Comment 9 Markus Stockhausen 2014-06-17 15:19:46 UTC
Created attachment 909643 [details]
8 cpu nfs server

Comment 10 Markus Stockhausen 2014-06-17 15:20:30 UTC
Created attachment 909644 [details]
9 swap io hypervisor

Comment 11 Markus Stockhausen 2014-06-17 15:21:00 UTC
Created attachment 909645 [details]
10 swap usage hypervisor

Comment 12 Markus Stockhausen 2014-06-17 15:23:47 UTC
9/10 show swap IOs and usage on the hypervisor node

Kernel on hypversior is 3.14.4-200.fc20.x86_64

Comment 13 Cole Robinson 2014-06-17 15:46:50 UTC
There's a kbase article about this:

https://access.redhat.com/site/solutions/755943
https://bugzilla.redhat.com/show_bug.cgi?id=990824

The suggested solution is to pass this with libvirt:

<domain ...>
  <features>
    <hyperv>
      <relaxed state='on'/>
    </hyperv>
  </features>
</domain>

So ovirt should be doing that for windows 7 guests, reassigning

Comment 14 Markus Stockhausen 2014-06-17 19:47:59 UTC
Similar bug where qemu parametrization could be enhanced: BZ1107835

Comment 15 Federico Simoncelli 2014-06-18 11:10:42 UTC
Francesco, can we handle this?

(In reply to Cole Robinson from comment #13)
> There's a kbase article about this:
> 
> https://access.redhat.com/site/solutions/755943
> https://bugzilla.redhat.com/show_bug.cgi?id=990824
> 
> The suggested solution is to pass this with libvirt:
> 
> <domain ...>
>   <features>
>     <hyperv>
>       <relaxed state='on'/>
>     </hyperv>
>   </features>
> </domain>
> 
> So ovirt should be doing that for windows 7 guests, reassigning

Comment 16 Francesco Romani 2014-06-18 11:20:07 UTC
Yes, there are already plans and patch floating:
https://bugzilla.redhat.com/show_bug.cgi?id=1083529
http://gerrit.ovirt.org/#/c/27619/3

However, a few details still need to be sorted out to have proper support.

Comment 17 Michal Skrivanek 2014-06-25 14:41:26 UTC
(fixing product)

Comment 18 Michal Skrivanek 2014-06-25 14:50:20 UTC
(In reply to Francesco Romani from comment #16)
we may try to expedite the hv_relaxed part…that's the simplest one
since it's not a regression, AFAIK, I'd not block 3.5 for now

Comment 19 Markus Stockhausen 2014-06-25 16:52:54 UTC
A short update.
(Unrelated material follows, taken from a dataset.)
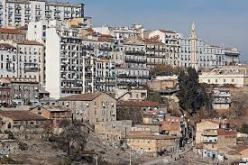 نحو إصدار أول كتاب يعنى بالدراسة لمخطوط دفتر أوقاف مدينة قسنطينة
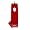 Indiana Hoosiers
Up to now I cannot tell if the bug is or not with the "relax" setting. We had the errors sporadic (once in two weeks) so no direct before/after effect comparable. 

For setting the parameter I simply rely on Cole Robinsons comment 13.
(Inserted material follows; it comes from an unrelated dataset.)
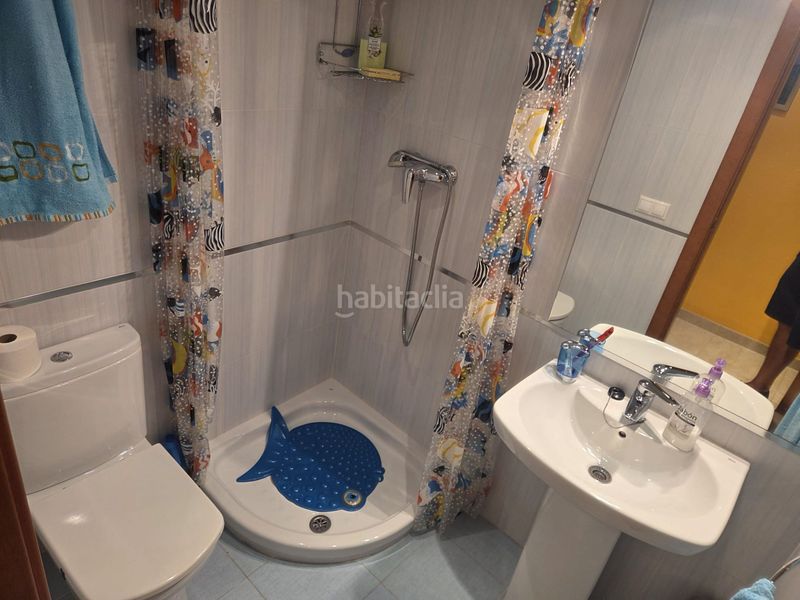 Foto dfa259e5-2b6f-41e7-bfee-60838337843a. Piso en Puerto Benicarló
Comment 20 Francesco Romani 2014-06-26 07:26:46 UTC
VDSM patch posted for review.

Comment 21 Francesco Romani 2014-06-27 09:00:09 UTC
VDSM patch merged, Engine patch posted

Comment 22 Francesco Romani 2014-07-18 08:31:29 UTC
turns out VDSM patch was merged after 3.5 branched.
Posted backports:
http://gerrit.ovirt.org/#/c/30254/
http://gerrit.ovirt.org/#/c/30255/

Comment 23 Pavel Novotny 2014-08-05 14:36:29 UTC
Verified in vdsm-4.16.0-42.git3bfad86.el6.x86_64 (oVirt 3.5 beta2).
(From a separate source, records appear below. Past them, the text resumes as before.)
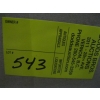 Image 9 : 2 BOXES OF MISC. AUTOMOTIVE PARTS & PILLSBURY DOUGHBOY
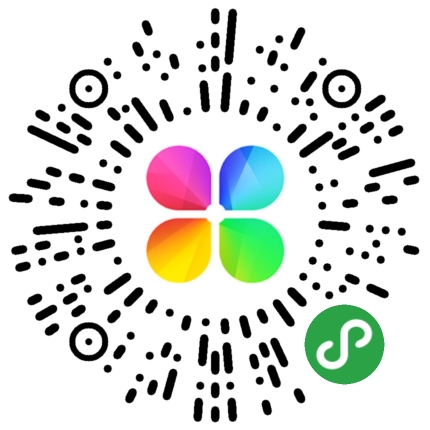 谭瑞星医生二维码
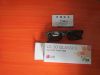 Lunettes VR ou 3D - Ref 1230842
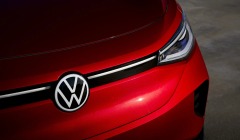 Οι μπαταρίες EV επόμενης γενιάς της VW φθάνουν σύντομα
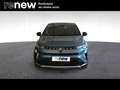 Renault Symbioz E-TECH Full Hybrid Iconic 105kW - thumbnail 4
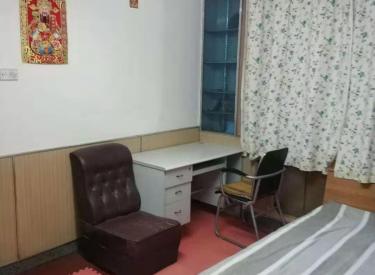 吉祥小区 2室1厅1卫 61㎡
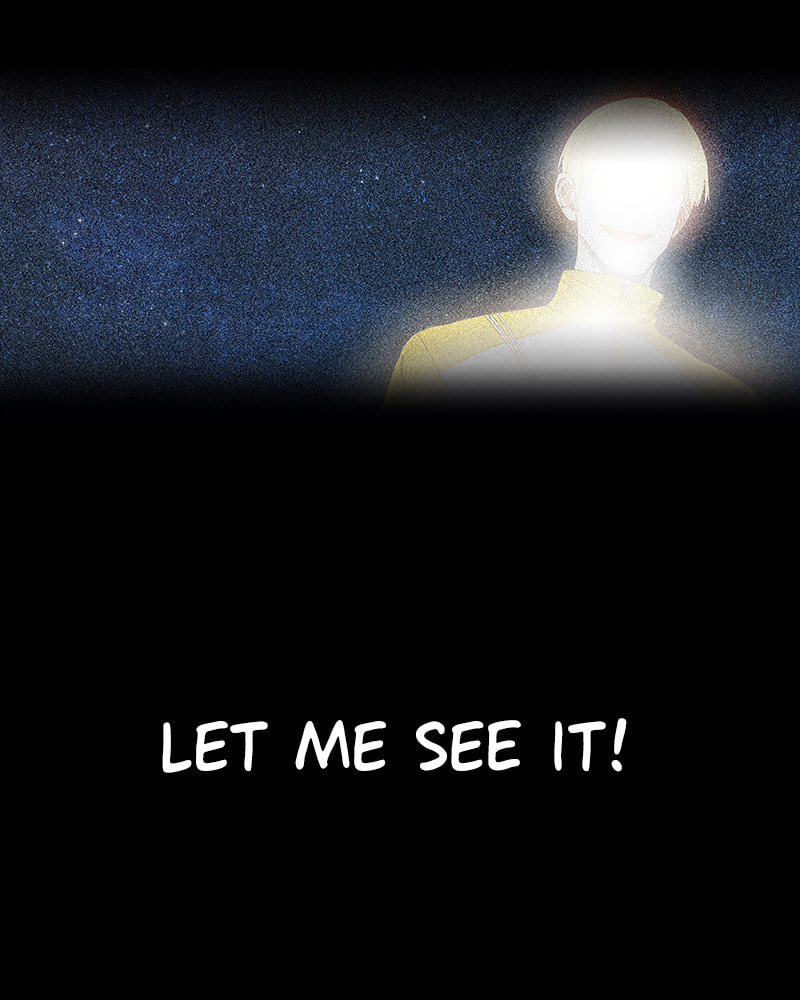 Read The Boxer chapter 50 image 167 on Lezhin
Windows guests have now the hv_relaxed flag enabled, i.e., the QEMU process now looks like:

10774 ?        Sl     0:10 /usr/libexec/qemu-kvm -name win7 -S -M rhel6.5.0 -cpu Nehalem,hv_relaxed -enable-kvm -m 1024 ...

Comment 24 Sandro Bonazzola 2014-10-17 12:40:40 UTC
oVirt 3.5 has been released and should include the fix for this issue.